▶ **WORK TASK**:
Pictures are to be left out, and only the lines below starting at the one with "a bathroom with a shower a toilet and a sink" and ending at the one with "ハンドメイド 鍵 ハート型チャーム リボン キーリング" are to be reproduced, each exactly, both ends included.

++++ DATASET ++++

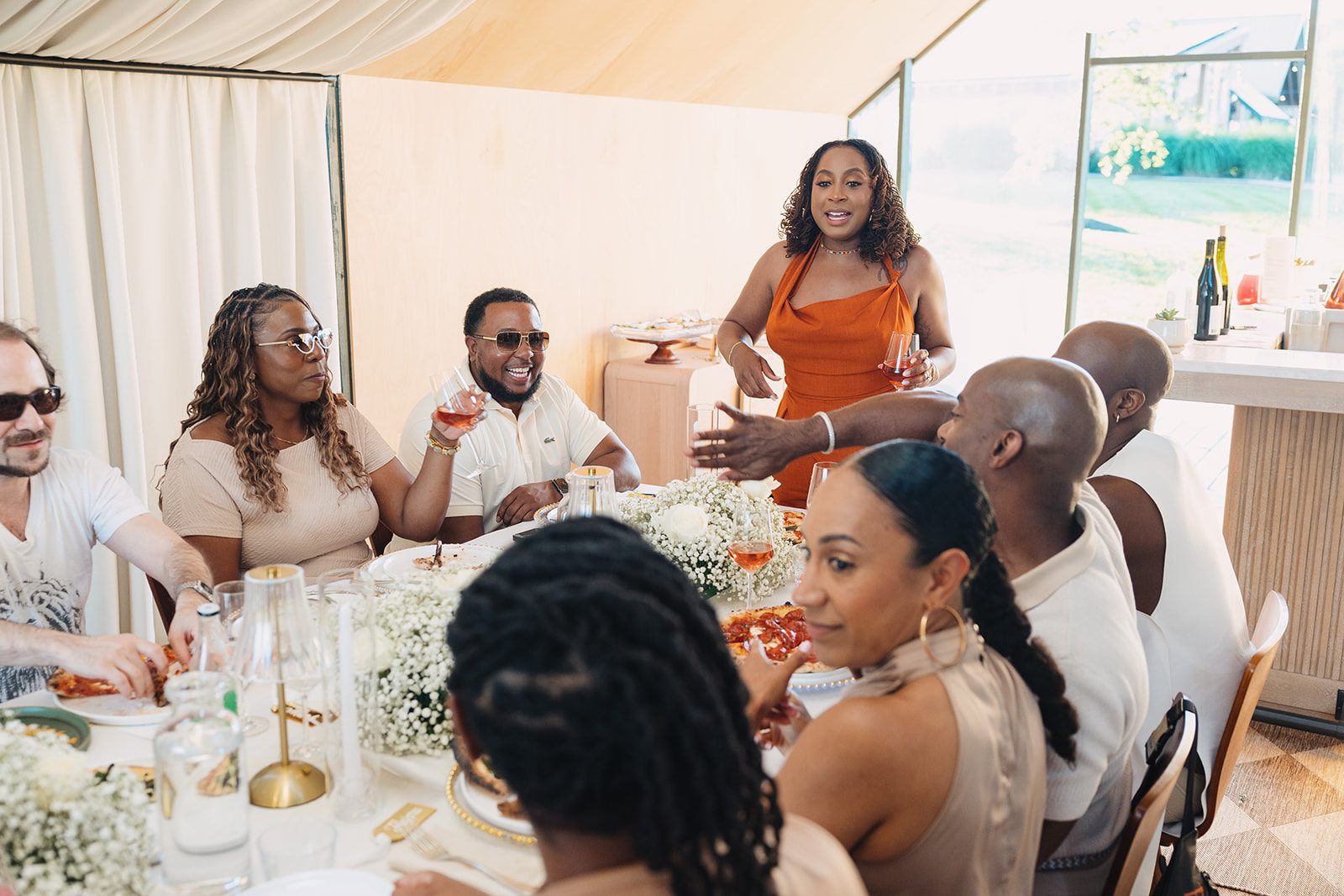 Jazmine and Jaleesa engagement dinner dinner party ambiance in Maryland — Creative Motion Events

++++
++++ DATASET ++++

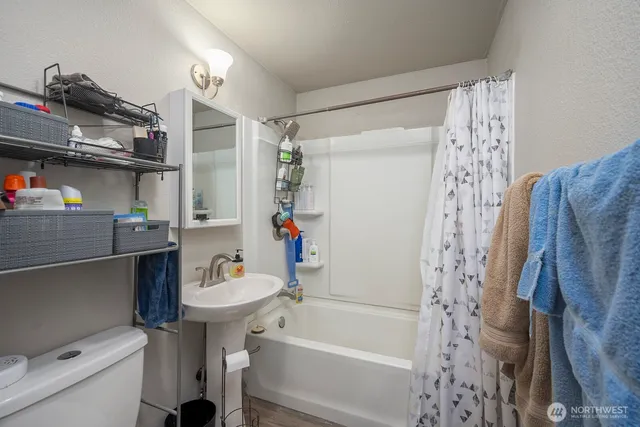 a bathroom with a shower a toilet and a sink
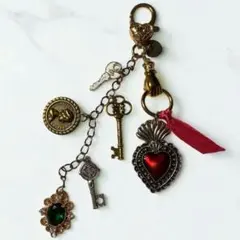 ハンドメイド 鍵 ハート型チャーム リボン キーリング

++++
++++ DATASET ++++

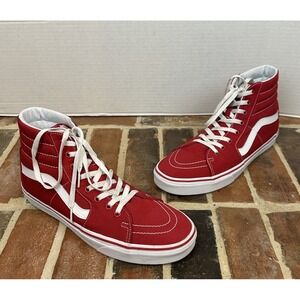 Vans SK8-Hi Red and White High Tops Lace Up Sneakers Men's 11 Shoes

++++

▶ **WRITTEN RESPONSE**:
 a bathroom with a shower a toilet and a sink
 ハンドメイド 鍵 ハート型チャーム リボン キーリング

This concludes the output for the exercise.